The responsibility to "clean up" corrupt business practices in the developing world has more often than not fallen to foreign-based investors as opposed to the authorities in those countries. Unlike local shareholders, multinational investors are exposed to the extra-jurisdictional reach of anti-corruption laws in their home countries and must take care when taking on new investments in corrupt countries.
However, this desire to clean up business practices is no longer driven solely by compliance or regulatory expectations. There is an increasing "ethical" expectation from shareholders and other stakeholders to stamp out corruption in far-flung parts of an organisation.
Corruption reduces the efficiency and competitiveness of the marketplace, meaning fewer opportunities for business from new investors.
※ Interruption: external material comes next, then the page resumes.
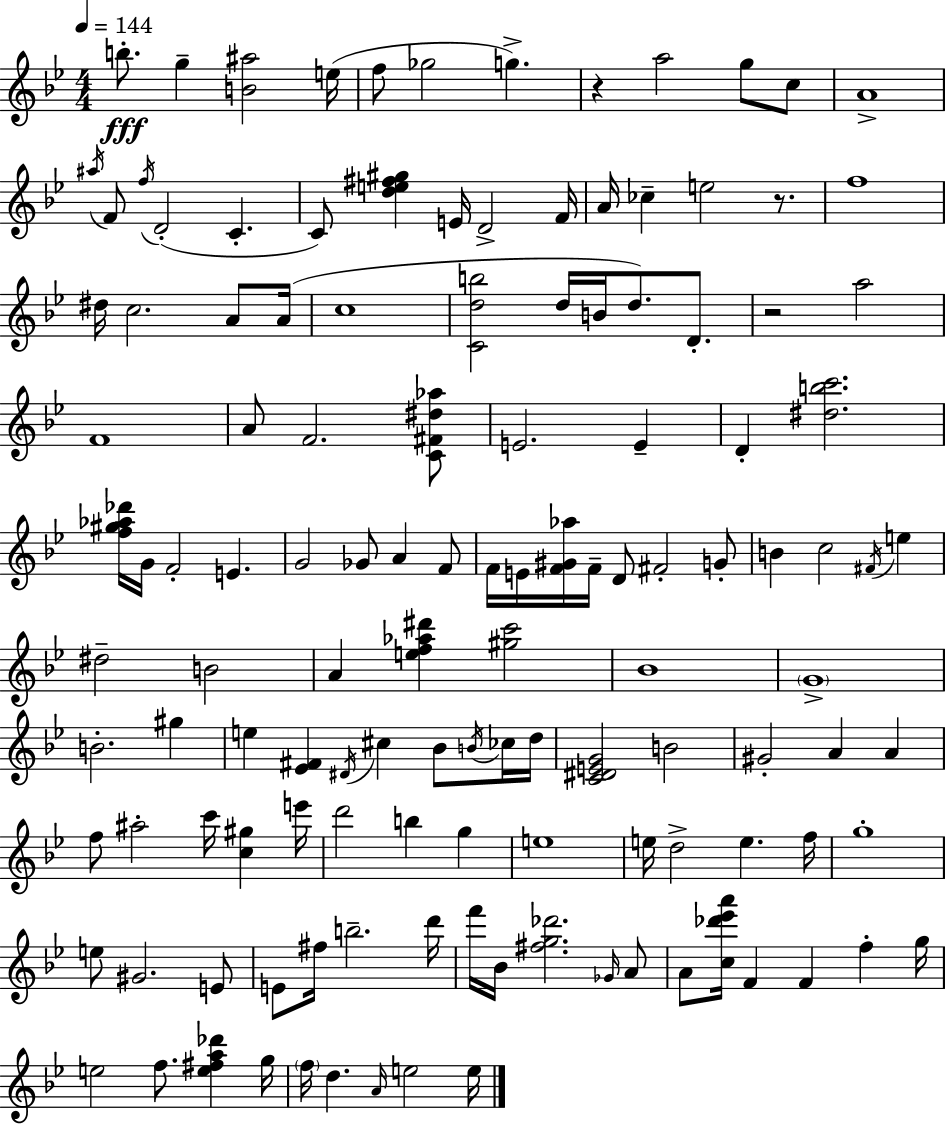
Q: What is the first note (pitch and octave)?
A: B5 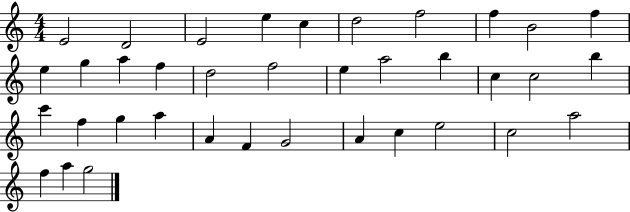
E4/h D4/h E4/h E5/q C5/q D5/h F5/h F5/q B4/h F5/q E5/q G5/q A5/q F5/q D5/h F5/h E5/q A5/h B5/q C5/q C5/h B5/q C6/q F5/q G5/q A5/q A4/q F4/q G4/h A4/q C5/q E5/h C5/h A5/h F5/q A5/q G5/h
Bribes are the antithesis of a long-term approach: they can only ever be a short-term fix, storing up further problems down the road. Bottom lines will ultimately be boosted by making clear that corruption is unacceptable: it will encourage better behaviour and create a platform for sustainable long-term investment. Tackling corruption is good for business.'
When a business acquires a target company, the new shareholder is potentially exposed to the liabilities, both known and unknown, of the target company. This primarily relates to investment value but in some cases can even extend to civil and criminal liability for acts committed by the target company prior to the acquisition/investment. Investors can find themselves faced with a matrix of liabilities stemming from multiple jurisdictions.
By way of example, under the UK Bribery Act (UKBA), a company carrying on a business in the UK (whether it is incorporated in the UK or not) faces a strict liability offence for failing to prevent bribery anywhere in the world by its subsidiaries and employees of those subsidiaries; even if such bribes were not sanctioned or even known about. Generally, under English law, parent companies are not criminally liable for the past acts of newly-acquired subsidiaries. However, they will inherit bad business practices which can expose them to on-going liability unless practices are cleaned up. There are also Proceeds of Crime risks for UK based companies if the profits of investments are earned from historic tainted contracts.
And, in the U.S., the Department of Justice (DoJ) announced a focus on successor liability earlier this year in a speech given by Deputy Assistant Attorney Matthew Miner. The DoJ and the Securities and Exchange Commission (SEC) take the view that a company subject to the Foreign Corrupt Practices Act may be criminally liable for the actions of a subsidiary that continue after the acquirer takes ownership.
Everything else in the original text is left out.